If the full income tax for the $100K is sent, it would take someone in payroll looking at what should be deducted for each pay period and *doubling* it. It would need to be doubled as half the number of pays are being done. As it needs an extra step for the doubling - I don't see this as likely.


The payroll person could look at the tables for year and assign the pay period amount for the $100K salary. Applying the per pay period amount should mean half of the $27,431 is sent (or $13,715 or so). This is higher than the $50K income tax by about $3,100. The final tax return to be filed before April 2017 without any additional credits or deductions will reconcile this to generate a refund.


If the company is using a computerised payroll system or service - likely the system would have dates then estimate the yearly salary. It should mean a lot close to the $50K salary income tax level.

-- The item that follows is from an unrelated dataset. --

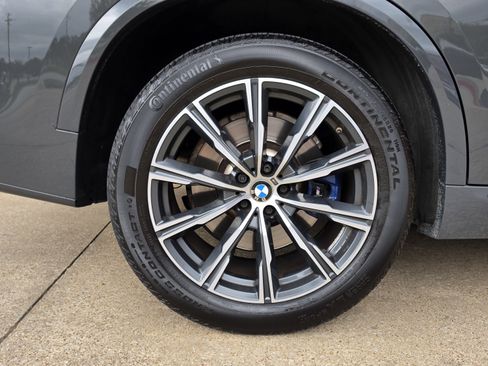 Used 2022 BMW X5 M50i AWD/4WD image 15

One can ask the payroll department directly about it. Or is there are pay slips that list the income tax for this pay period and income tax year to date,
one should be able to see from the Dec pay slip.


Cheers


----------



## Market Lost (Jul 27, 2016)

Eclectic12 said:


> If the company is using a computerised payroll system or service - likely the system would have dates then estimate the yearly salary. It should mean a lot close to the $50K salary income tax level.
> 
> Cheers


It's been a few years since I did taxes, but there were no payroll systems I ran across that would account for a stub year when I was practicing. They all use the standard deduction calculations, which are available here - http://www.cra-arc.gc.ca/esrvc-srvce/tx/bsnss/pdoc-eng.html

It's certainly possible to have a computer program account for this, but payroll departments don't normally go out of their way to pro rate deductions.


----------